Should a selection in one of these bets not win, then the remaining winners are treated as being a wholly successful bet on the next 'family member' down. For example, only two winners out of three in a Trixie means the bet is settled as a double; only four winners out of five in a Canadian means it is settled as a Yankee; only five winners out of eight in a Goliath means it is settled as a Canadian. The place part of each-way bets is calculated separately using reduced place odds. Thus, an each-way Super Heinz on seven horses with three winners and a further two placed horses is settled as a win Trixie and a place Canadian. Virtually all bookmakers use computer software for ease, speed and accuracy of calculation for the settling of multiples bets.
Full cover bets with singles[edit]
Patent
- Returns (3 singles) = £2 × [(4/6 + 1) + (2/1 + 1) + (11/4 + 1)] = £16.83
- Returns (3 doubles) = £2 × [(4/6 + 1) × (2/1 + 1) + (4/6 + 1) × (11/4 + 1) + (2/1 + 1) × (11/4 + 1)] = £45.00
- Returns (1 treble) = £2 × (4/6 + 1) × (2/1 + 1) × (11/4 + 1) = £37.50
- Total returns = £99.33
Patent, Lucky 15, Lucky 31, Lucky 63 and higher Lucky bets form a family of bets known as full cover bets with singles which have all possible multiples present together with single bets on all selections. An examples of a winning Patent bet has been shown above. The other named bets are calculated in a similar way by looking at all the possible combinations of selections in their multiples and singles.

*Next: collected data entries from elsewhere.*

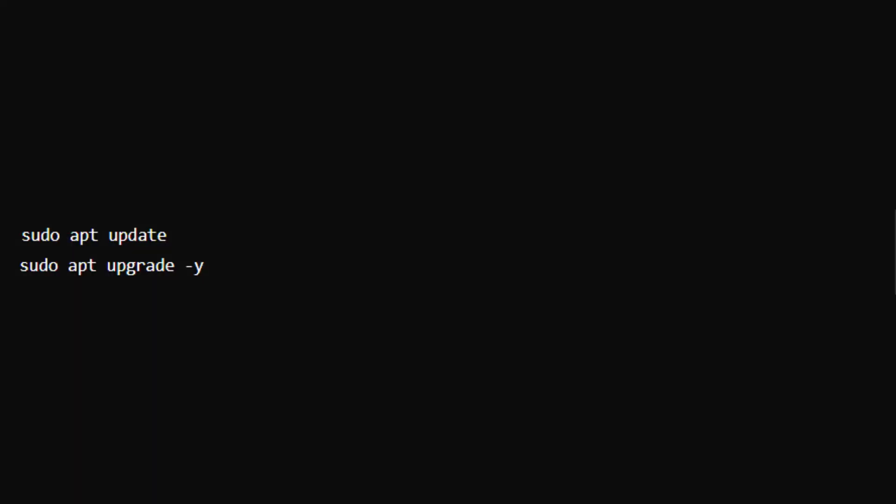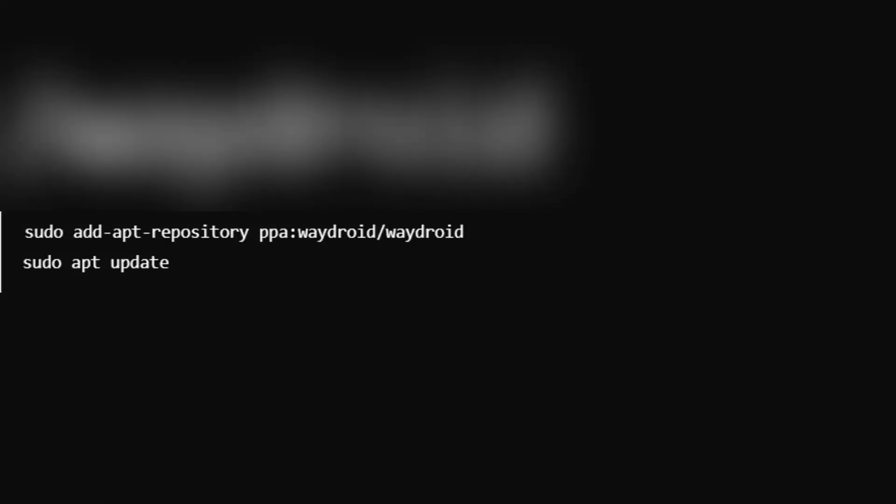First thing first, open the terminal and run the following commands to make sure your system is fully updated. This ensures that the system packages are current and avoids conflicts during installation.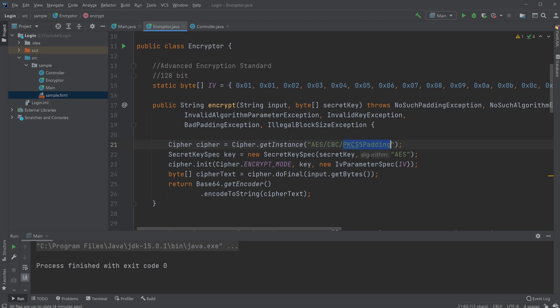We then have to create a key which takes in our byte array, and again we tell it it is going to be used as an Advanced Encryption Standard key.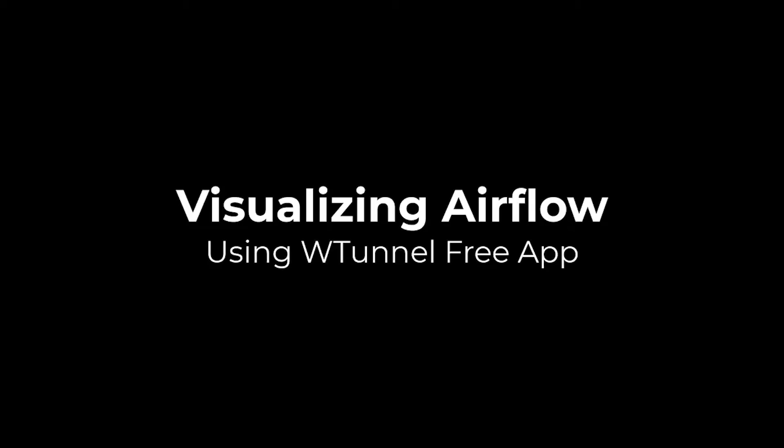This is a really short video showing you how you can visualize some of the airflow. This is using an app that you can have on your iPhone.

Should a selection in one of these bets not win, then the remaining winners are treated as being a wholly successful bet on the next 'family member' down. For example, only two winners out of three in a Patent means the bet is settled as a double and two singles; only three winners out of four in a Lucky 15 means it is settled as a Patent; only four winners out of six in a Lucky 63 means it is settled as a Lucky 15. The place part of each-way bets is calculated separately using reduced place odds. Thus, an each-way Lucky 63 on six horses with three winners and a further two placed horses is settled as a win Patent and a place Lucky 31.
Algebraic interpretation[edit]
Returns on any bet may be considered to be calculated as 'stake unit' × 'odds multiplier'. The overall 'odds multiplier' is a combined decimal odds value and is the result of all the individual bets that make up a full cover bet, including singles if needed. E.g. if a successful £10 Yankee returned £461.35 then the overall 'odds multiplier' (OM) is 46.135.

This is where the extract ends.